Incentives like tax savings, the benefit of small monthly investments, and the potential to generate long-term wealth are some of the main reasons why ELSS makes for a good investment choice for new investors. 

FAQs

  1. How do I redeem my ELSS after 3 years?
    To redeem your ELSS after the 3-year lock-in period, you can reach out to your agent, broker or do it on your Fisdom app. ELSS redemption can only be done after completing the mandatory 3-year lock-in period. But, if you are not in need of the amount, you can continue to hold your ELSS funds for any number of years.
  1. Can I invest more than 1.5 lakhs in ELSS?

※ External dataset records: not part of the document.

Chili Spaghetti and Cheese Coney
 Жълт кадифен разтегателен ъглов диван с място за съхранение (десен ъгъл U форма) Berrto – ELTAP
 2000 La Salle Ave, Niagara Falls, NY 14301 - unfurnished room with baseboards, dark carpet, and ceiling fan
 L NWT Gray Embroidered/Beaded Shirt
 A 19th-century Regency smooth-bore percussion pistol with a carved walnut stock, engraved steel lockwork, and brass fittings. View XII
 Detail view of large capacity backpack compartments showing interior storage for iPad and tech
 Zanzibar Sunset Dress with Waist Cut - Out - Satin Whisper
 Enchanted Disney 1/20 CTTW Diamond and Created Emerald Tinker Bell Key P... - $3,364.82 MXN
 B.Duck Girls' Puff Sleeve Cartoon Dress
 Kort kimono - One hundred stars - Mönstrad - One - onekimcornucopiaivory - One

    You can invest in more than Rs 1.5 lakhs but you could claim tax exemption only for a maximum of Rs 1.5 lakh.
  1. Is ELSS risk free?
    ELSS funds are diversified equity funds and have a similar risk as equity funds due to the exposure to equity markets. Apart from the implied equity risk component, ELSS funds come with a three year lock-in period during which the investment cannot be taken out.
  1. How to invest in ELSS?
    To invest in ELSS, you can download the Fisdom app on your smartphone. The app allows a seamless investment process by looking at various fund options, fund performance statistics, investment time horizon, and selecting a convenient mode of investment.
  1. Can I invest in both PPF and ELSS?
    The net tax benefit under Section 80C of the Income tax act is Rs. 1.5 lakhs. Therefore, even if you invest in both PPF and ELSS, you will still get a maximum tax deduction of Rs. 1.5 lakhs. Depending on your investment goals, you can divide the investment among PPF and ELSS or invest in either of these options.